Polícia Civil de SP Lança Operação Wi-Fi e Investiga Fraudes em Contrato da Prefeitura com ONG de Karina Ferreira da Gama.

A Polícia Civil de São Paulo desencadeou, nesta segunda-feira, a Operação Wi-Fi, uma ação que visa investigar potenciais fraudes relacionadas ao contrato entre a ONG Instituto Conhecer Brasil (ICB) e a Prefeitura de São Paulo. Sob a liderança de Karina Ferreira da Gama, conhecida como presidente da ICB e proprietária da Go Up Entertainment, produtora do filme “Dark Horse”, que retrata a figura do ex-presidente Jair Bolsonaro, a operação se intensificou devido a sérias suspeitas de irregularidades.

A investigação gira em torno de alegações de fraudes em processos licitatórios, execução de contratos e desvio de recursos públicos. O contrato em questão, firmado durante a gestão do prefeito Ricardo Nunes (MDB), envolve um montante significativo de R$ 108 milhões para a instalação de 5 mil pontos de Wi-Fi gratuito em áreas públicas da capital paulista. Apesar das tentativas de contato, o município não se manifestou sobre a operação, deixando as portas abertas para futuras declarações.

A Operação Wi-Fi cumpriu mandados de busca e apreensão em diversas localidades, incluindo as sedes do ICB e da Go Up Entertainment, além de residências ligadas à presidente da ONG e da Secretaria Municipal de Inovação e Tecnologia, situada no centro da cidade.
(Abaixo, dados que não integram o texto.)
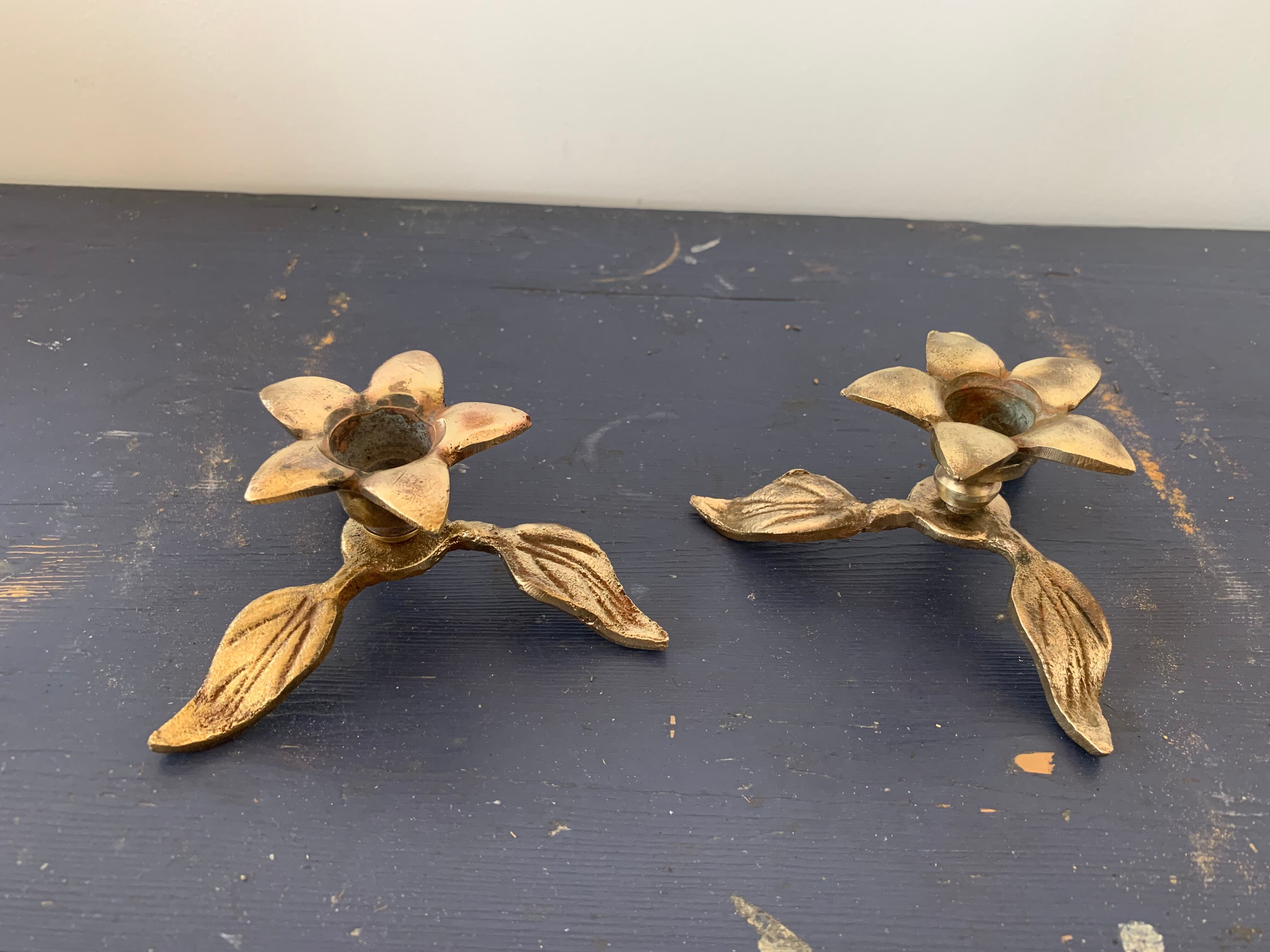 Set of 2 bronze candle holders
Esta ação foi desencadeada após um levantamento inicial do Ministério Público de São Paulo (MP-SP), que encontrou indícios de direcionamento na convocação pública para a contratação, que teve a participação exclusiva da ICB, mesmo sem a evidência de experiência ou competência técnica no domínio das telecomunicações.

Além disso, a investigação aponta que os preços cobrados pela ONG para a implementação dos serviços estavam consideravelmente inflacionados. Para ilustrar, a Prodam, uma empresa pública municipal, poderia instalar cada ponto de Wi-Fi por R$ 230, realizando a manutenção por R$ 306 mensais. Em contrapartida, o valor cobrado pelo ICB era exorbitante: R$ 1.800 por ponto.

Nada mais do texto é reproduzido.